It was a dismissal if ever Jo had heard one. Her cheeks felt warm, embarrassment at the way she’d acted—at what she’d assumed—almost as hot as the climate.
But that was how things had gone for her—how things had always gone for her. You could only be discouraged or shunted aside so many times before you learned to expect the worst of people.
It burned to admit that she was wrong. But a person did what she had to do. “I apologize for—” she started.
Dr. Galloway waved her off. “Not an unrealistic presumption, unfortunately. I’ve been there a time or two myself, as you can imagine.”
Dr. Galloway started to spin around to face her computer screen again, and Roberto stepped to the side, holding out a hand for Jo to go ahead of him. Gritting her teeth, Jo nodded and plotted her retreat.
She’d only just turned away when Dr. Galloway called after her. “Oh, Ms. Kramer?”
Jo paused. “Yes?”
“Do try not to accuse Heather of sexism the first time you meet her.
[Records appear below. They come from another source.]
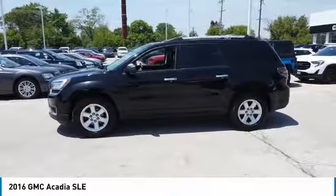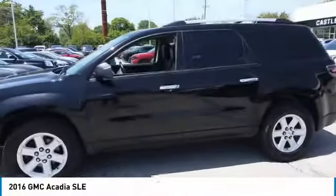This vehicle offers reliability and good looks at a great price. So come in and take a test drive today.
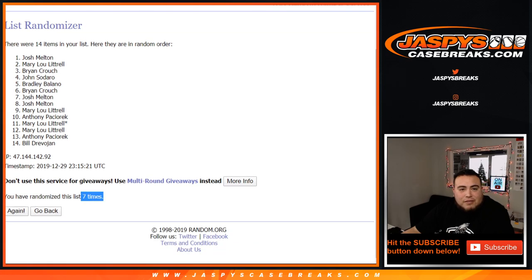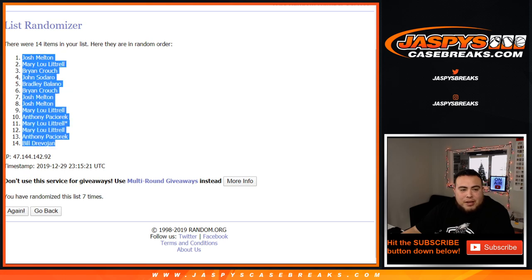After seven times — Josh, Mary Lou, all the way down to Bill.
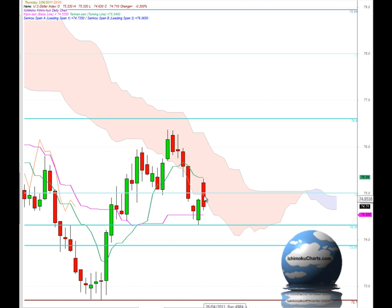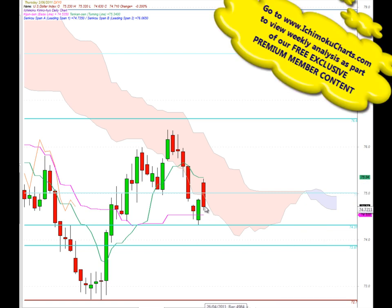We've also had the market testing within the cloud here, offering resistance as well, and then closing back outside the cloud to give us a bearish bias overall in big picture terms by trading down below the cloud.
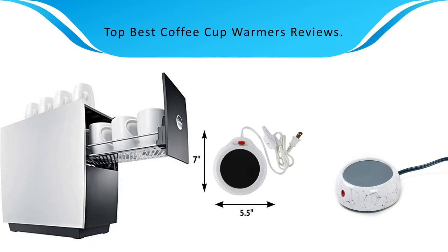Find the top best coffee cup warmers of 2019 at Amazon. We analyzed consumer reviews to find the top rated products. Find out which product scored best and buy. I am going to review the top best coffee cup warmers of 2019 on the market.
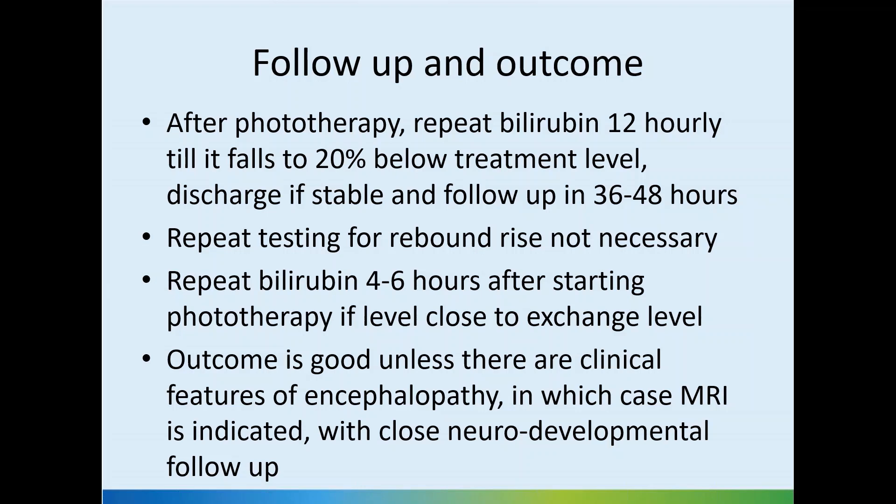Parents obviously prefer home management. Repeat bilirubin four to six hours after starting phototherapy if the level is close to the exchange level — it's important to repeat the blood test in these cases. The outcome is good unless there are clinical features of encephalopathy, in which case MRI is indicated with close neurodevelopmental follow-up.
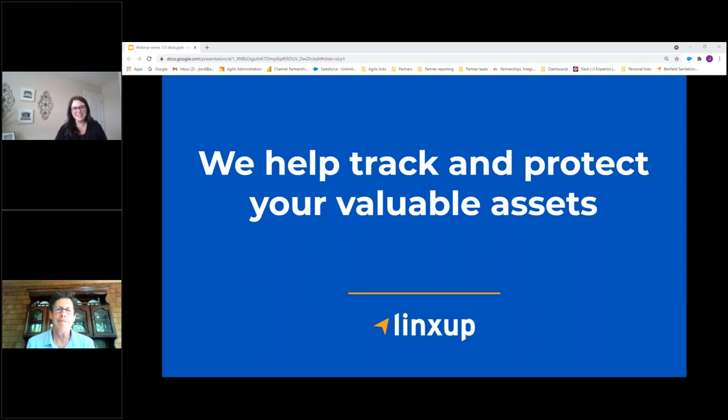Hello, good afternoon everybody. I am Jesse with LynxUp. I will be presenting today. I work with Real Green and Real Green customers to help see how we can make your business a little bit more efficient and help with fleet and asset management.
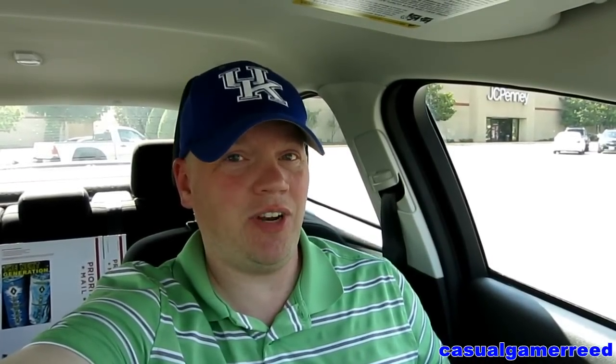I gotta tell you what people, it's amazing. But before we get into the review, remember guys, as always, if you have anything that you would like Reed to review, you have to leave your comment below — I may review your request next, you never know.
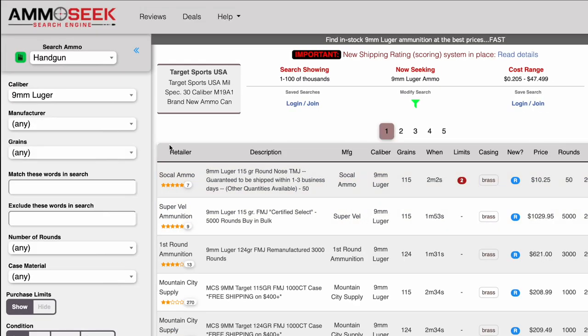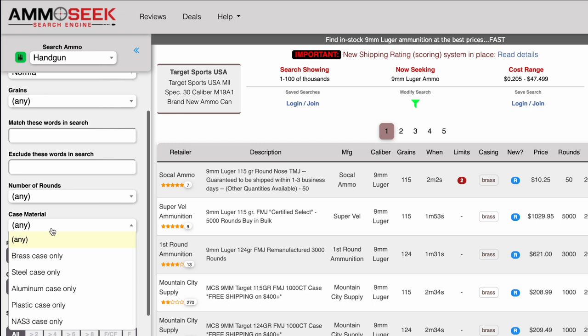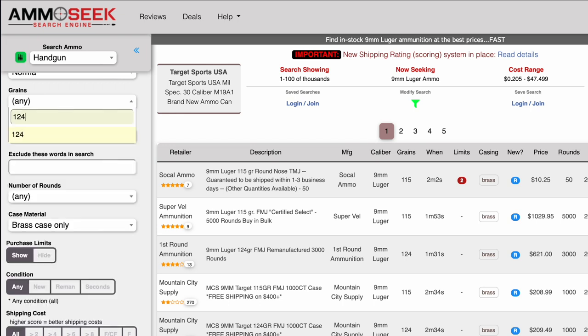So how does it work? First, you want to decide what kind of ammunition you're looking for. It could be as simple as nine millimeter, or you could get more detail. For example, we can search for new manufacturer 147 grain brass case, or we can search for Norma 9 mil, or whatever else you're interested in.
I think you’ll find she’s not quite as understanding about that kind of thing as I am.”
Jo’s stomach churned. “Right.”
With that, she put one foot in front of the other and let herself be marched back to the van they’d left waiting at the front of the building. The whole time, her neck tingled, shame and anger both twisting her up.
Shame at her behavior. At her presumptions and the way she’d let her temper get away from her. Anger at all the people who’d made her feel like she had to go in swinging every time—at her professors and her father. At herself.
“The other girls are already here,” Roberto said. He visibly stopped himself from getting her door for her.
“Great.” It wasn’t, though. She was in no mood to play nice with other people right now.
But maybe that was for the best. There wouldn’t be any hiding or mistaking. They’d know right off the bat what kind of bitch they were dealing with, and they could skip right over that awkward moment when people tried to be her friend.
She had neither the time nor the inclination to be anybody’s friend. She was here for ten weeks, and she was here to do her job. In her first five minutes, she’d managed to make a bad first impression on the person running the program and on the guy she’d have to talk to any time she needed a ride off-site for any reason. But that was fine. Totally fine.
Gazing out the window at the mountains in the distance, she sucked her lip ring tight between her teeth. The first impressions she’d given them weren’t wrong. They were just irrelevant.
And she’d work as hard as she needed to to prove it.
Adam McCay was lucky. So, so lucky. He just had to keep reminding himself of that.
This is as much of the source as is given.